There is currently no disease-modifying therapy for PD, and most patients eventually develop LID1. The key mechanism of LID is associated with excessive synaptic dopamine release, but other neurotransmitters (e.g., glutamate, serotonin) and non-neuronal factors (e.g., astrocytic signaling) are also involved7,8,9. One major innovation in LID management is the usage of intestinal gel formulations that enable the slow and sustained release of levodopa10. This helps reduce off-time; however, it does not solve the fundamental problem, since this approach focuses on refining dosage rather than addressing the underlying issues inherent to treatment with levodopa. Deep brain stimulation (DBS) is regarded as the most effective treatment option for LID; however, less than 10% of PD patients are eligible for DBS due to many contraindications (e.g., old age, cognitive impairment)11. DBS is also an invasive neurosurgical procedure that requires specialized resources and personnel. Even with marked improvements in drug delivery and the use of brain stimulation technology, LID is still an unavoidable reality for many PD patients.
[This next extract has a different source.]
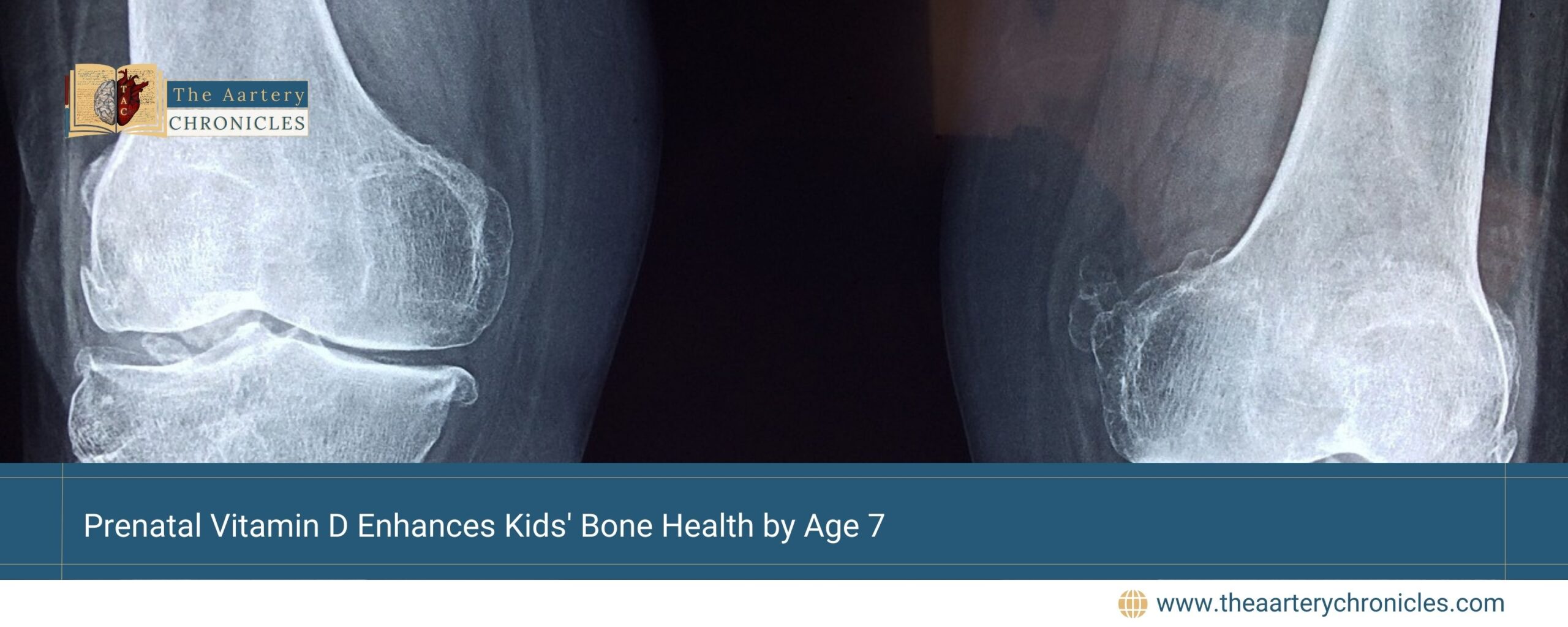 Prenatal-Vitamin-D-Enhances-Kids'-Bone-Health-by-Age-7-The-Aartery-Chronicles-TAC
An alternative approach would be preventive treatment. Less attention has been paid to those PD patients who do not develop LID (non-LID or NLID). Protective factors have previously been identified, but they are often limited to demographic variables (e.g., male sex and older age of disease onset) due to the lack of longitudinal data with deep phenotyping and lack of non-invasive investigation due to ethical reasons12. Animal models have greatly improved our understanding. For instance, we have developed a novel low-dose levodopa treatment model that mimics the variability of LID emergence in humans, which demonstrated that vasomotor response to dopamine is significantly altered in Parkinsonian LID rodents13,14.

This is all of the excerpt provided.